It has been some years since we’ve talked here of ornamental pools as garden enhancement. While the subject is not of the first water of interest, there is enough of it to warrant an occasional mention.
I went through a lot of bad experiences trying to establish our two small water features. First came the trial with a flexible rubber liner. After the first big rain, water ran in under the liner, forcing it to float. I dutifully tried again, reshaping the liner and adding more stones to the edge. Same thing, more floating.
Next was the drudgery of digging it out deeper and hiring a man who knew what he was doing to install a liner of industrial grade concrete about 5 inches thick. Problem solved. When another pool was installed later, I went straight to the concrete and I have never had any more problem.
I did learn a few other things, too. Most references say that everyone wishes they had built their pool larger. Not me. Mine are small, on the order of 4 by 6 feet, and maintenance is less in a year than a flower bed of equal size. Each pool has a submergible electric pump that gives good service, one with water falling from a statue and the other powering a small waterfall in a more naturalistic pool. If you plan to have fish in a pool, make it at least 2 feet deep. That way, your pump can be left running until the temperature drops below zero. The moving water will not freeze and, even with the surface covered with ice, fish will make it just fine.
Water plants enhance any pool. We have a water lily in each pool. One pool also has variegated water iris that blooms in summer with purple flowers. We have, also, arrowhead, a native plant, and an unnamed little yellow blooming plant with single flowers 2 inches across filched from a wild swamp. Cannas also make fine water plants, but will need wintering over in a garage or basement. All the other plants mentioned winter over in situ in pots in the water. There are a number of other plants that are generally found on ground that will survive potted and submerged in water.
It is best to site a pool in full sun for the most flowering from plants. Even light shade will diminish flowering from most plants.

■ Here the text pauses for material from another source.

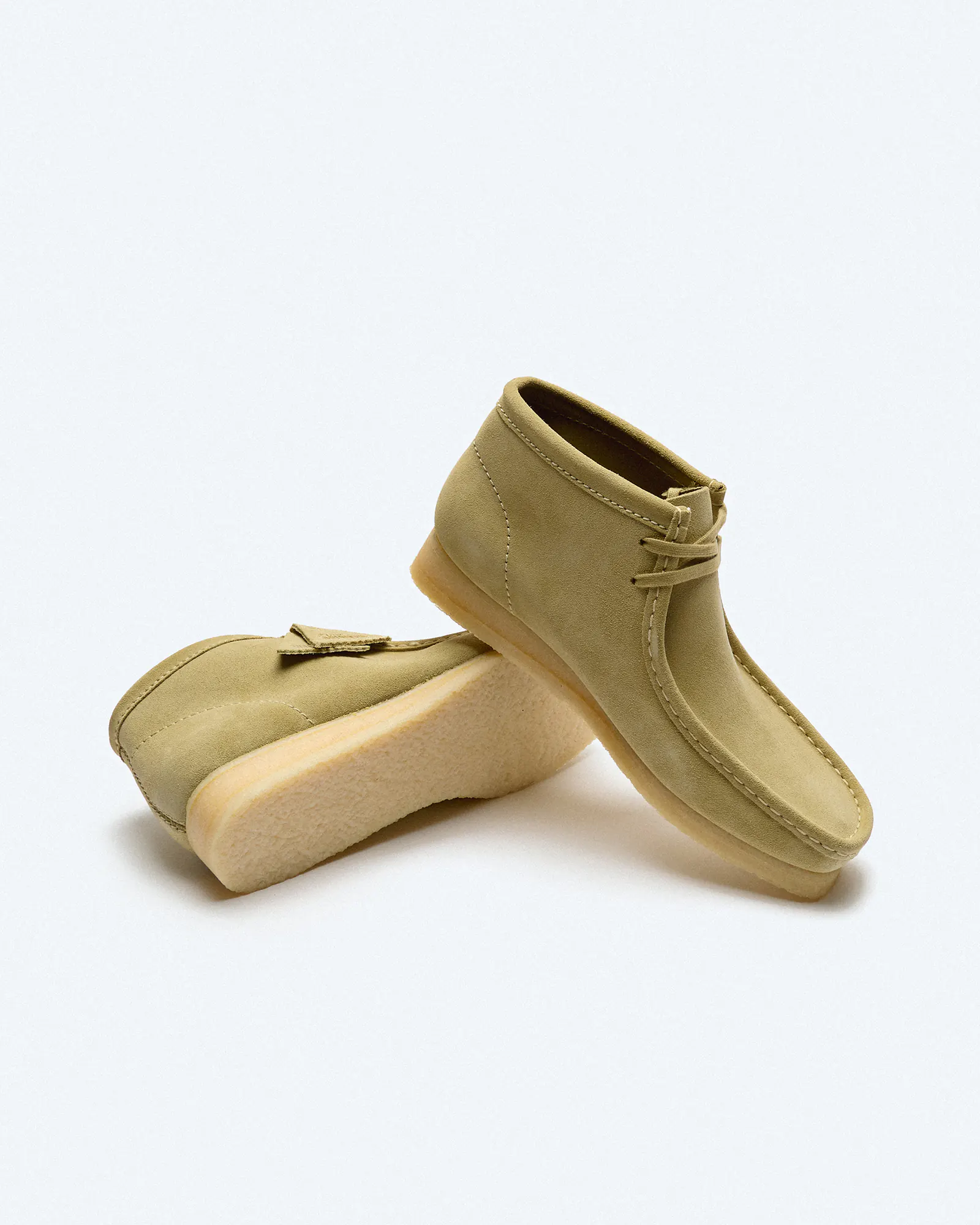 Clarks Men's Wallabee Suede Boots Maple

Goldfish are generally easy if protected from raccoons and cats. They do not need to be fed, for they will subsist easily on native insects and pond litter. Overfeeding is a big problem sometimes, and excess commercial fish food clouds the water.
Koi, Japanese carp, are often seen in large ponds and grow to two feet long or more. In a small pool, they won’t get that big, but they tend to roil up the water. Common goldfish can be had that are almost as decorative as koi.
Moving water, even in small amounts, seems to generate excitement. Just be sure your ornamental pool fits its surroundings and doesn’t stick out like a sore thumb. Fit it in with its neighboring garden.